By Anshi Sancheti and Savyata Mishra
(Reuters) -PepsiCo has raised its stake in Celsius Holdings through a $585 million deal, as the global soda and snacks maker strengthens its energy drink business amid shifting consumer preferences.
The popularity of energy drinks has surged among young U.S. consumers seeking low-calorie, vitamin-infused alternatives to traditional sugar-heavy beverages, fueling deals in the sector.
PepsiCo has acquired 5% of Celsius' preferred stock, taking its total stake to about 11% after conversion. It had infused $550 million for an 8.5% stake in 2022.
The company will also nominate a director to serve on Celsius' board.
The deal puts Celsius in charge of the companies' energy-drink portfolio in the U.S., consisting of its Celsius and Alani Nu brands, as well as PepsiCo's Rockstar Energy.
"As PepsiCo's energy captain, Celsius has control over portfolio allocation, planogram design, SKU prioritization, and promotional strategy — giving them greater influence at retail and making them a more formidable competitor in the energy category," Jefferies analysts said in a note.

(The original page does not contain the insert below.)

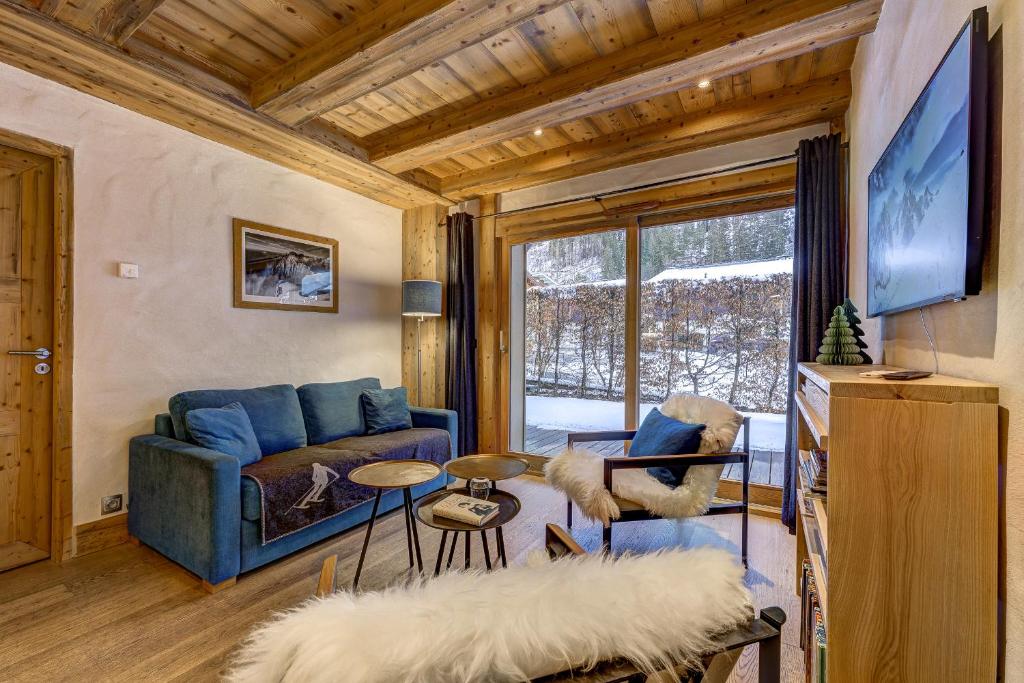 un salon avec un canapé bleu et une télévision dans l'établissement Blaitiere 2 Apartment, à Chamonix-Mont-Blanc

PepsiCo, which owns Mountain Dew, expanded its energy drink business in 2020 with a $3.85 billion acquisition of Rockstar Energy. It will continue to own the Rockstar brand internationally.
The companies will hold a 20% share in the energy drink category through this partnership, according to Celsius' presentation.
The U.S. energy drinks market was valued at $25.01 billion in 2024 and is expected to grow 7.2% annually through 2030, according to data firm Grand View Research.
The deal also helps the companies compete better in the energy drink category, long dominated by players such as Red Bull and Monster Beverage. Rival Coca-Cola owns a 19% stake in Monster Beverage.
Shares of Celsius were up nearly 4% in midday trading on Friday. They have more than doubled in value this year.
ENERGY DEALS
Beverages makers have been pursuing energy and non-soda brand deals, driven by growing interest in fitness and lifestyle products.
"With regard to wellness-focused beverages. Yes, consumers are gravitating there, and the large beverage companies are following them," said Joseph Gabelli, portfolio manager at Gabelli Funds.
PepsiCo said in March it would buy prebiotic soda brand Poppi for nearly $2 billion to boost its "better for you" product portfolio.
Last year, Keurig Dr Pepper bought a 60% stake in energy-drink maker Ghost for $990 million to spruce up its refreshment beverages portfolio.
Florida-based Celsius had bought peer Alani Nutrition in a $1.8 billion deal earlier this year.